I Feel My Pain: Bill Clinton Enjoys Another Fatuous Vision

By: James Poulos

Here’s what worries him:

He cited statistics compiled by Bishop that found that in the 1976 presidential election, only 20 percent of the nation’s counties voted for Jimmy Carter or President Ford by more than a 20 percent margin.

By contrast, 48 percent of the nation’s counties in 2004 voted for John Kerry or President Bush by more than 20 points, Clinton said.

“We were sorting ourselves out by choosing to live with people that we agree with,” Clinton said.

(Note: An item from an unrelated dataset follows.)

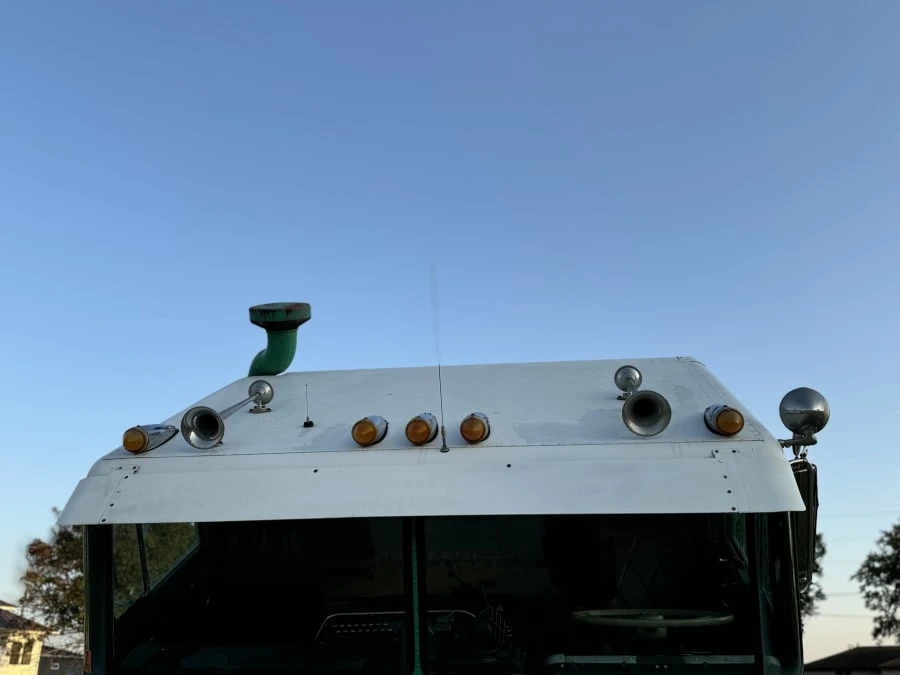 1981 Peterbilt - Image 12 of 29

Maybe. But the New Englanders and the Southerners who voted Democratic and Republican in 1976 haven’t moved around much since then. In fact, they’ve been diligently training their children to be even more partisan versions of their Nixon-era selves, which is sort of hard to imagine but apparently true. Who’s really been moving around? Rust Belters fleeing to the Sun Belt; urban whites fleeing to the ‘burbs; Mexicans streaming into border states; Asians into California? Have I missed any major movements? Oh yes: liberals into conservative mountain states like Colorado, New Mexico, and even Montana. Even, if I dare say so, Virginia and North Carolina. If Clinton is right, where are these purple states coming from? Polar partisanship is growing within states, not across large-scale regional encampments.

One can, and should, make the case that in fact large parts of the country that were radical or reactionary in the mid-’70s have chilled out today by quite striking degrees. San Francisco and New York City are vastly less insane than in those horrible years. And unquestionably the flat-out racism and Buchananite pitchforkism that moved through the South along George Wallace’s career trajectory has been modulated, dispersed, sold off, or caved in.

Bill Clinton, in short, is projecting, again, something he’s very good at doing very convincingly. But do not believe him. Self-sorting in America produces a gentler, not a more savage, nation. It is fluid and constant, always reassessing itself and creating gray areas, and it must not be confused with deepening and entrenching partisan attitudes among people and groups with longstanding political and cultural allegiances that travel wherever they go. This polarization is less a matter of population-sorting than it is politician-sorting: ritualistic disagreement on issues that should fall under the ambit of reason and common sense, and grotesque, animatronic agreement on issues about which Americans should once again have some kind of actual choice.